What is avant-garde theater today? It’s easy enough to look back on last year’s vanguard, but how can we define the movement we are in the midst of? In her series, Kate Kremer explores the question of the new avant-garde.

Strangely enough, what seems new and original isn’t really. Even the innovative is in part derived. Whether genealogically, pedagogically, liturgically, or dramaturgically, by blood, bequest, or inspiration, the avant-garde is inherited.

As it happens, the problem of inheriting a tradition of experimentalism and innovation is a little more complicated than strapping on grandma’s old wristwatch. What we are taking up is not so much a mantle as a dismantle—not an established role or even a coherent revolution but rather the urge to take things apart, to find out how they tick.

This is the problem confronting young theater-makers today. We are heirs to the theater artists of the 1960s and 70s—many of whom were our teachers, all of whom paved the way for us—and heirs to their avant-gardism, their aesthetic revolution.

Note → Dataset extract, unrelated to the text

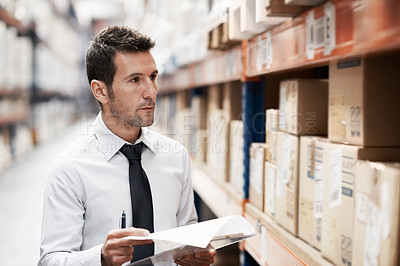 Buy stock photo Focused warehouse worker doing a stocktake while in a warehouse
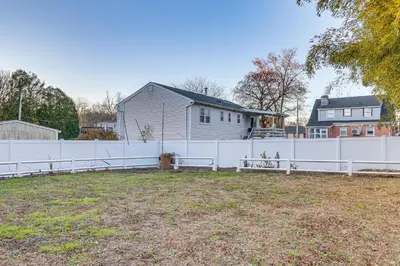 a white fence in front of a house at 6 Mi to Dtwn New Haven Duplex with Shared Yard in West Haven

How are we to carry that tradition forward? How are we to change, question, complicate, and revolutionize it? How are we, in Ezra Pound’s words, to “make it new”?

Looking back, the thrust of the avant-garde movement of the 1960s and 70s is clear. Ensembles such as the Living Theatre, the Open Theatre, and the Wooster Group developed more egalitarian, process-oriented methods of working and pioneered stylized, poetic, ritualistic, hyper-realistic, surrealistic, and profane modes of performance which broke the naturalistic mold and tested the boundaries between audience and performer. Writers and directors such as Robert Wilson, María Irene Fornes, Richard Foreman, Caryl Churchill, Elizabeth LeCompte, Judith Malina, Julian Beck, Peter Brook, Ed Bullins, and Joseph Chaikin challenged our notions of space and duration, meaning and eventfulness, theatricality and chance. They revolutionized our sense of what a play might be.

That was their revolution. What is our avant-garde?

I began mulling over the avant-garde because I was thinking about young theater companies—“young” signifying companies comprised largely of young people and/or companies newly founded. I was thinking about my peers: twenty, thirty, and forty-something actors, directors, playwrights, writers, artists, and performance artists living in all parts of the country, doing work of all different kinds and at all different levels. So many people are out there grappling with the avant-garde, and regardless the success of the product, that grappling is unfailingly interesting. Is it avant-garde?

Now, “avant-garde” is a tricky term insofar as it is defined colloquially as forward thinking or the leading edge, but the success or influence of that avant-gardism can only be seen retrospectively. Something or other was avant-garde, but how can we say for sure that it’s going to be? It’s hard to see the vanguard until after it has passed, just as it’s hard to talk about contemporary theater in terms of the whole body of its history. This thing I am seeing—is it really new? All I know is its now, we’re in it.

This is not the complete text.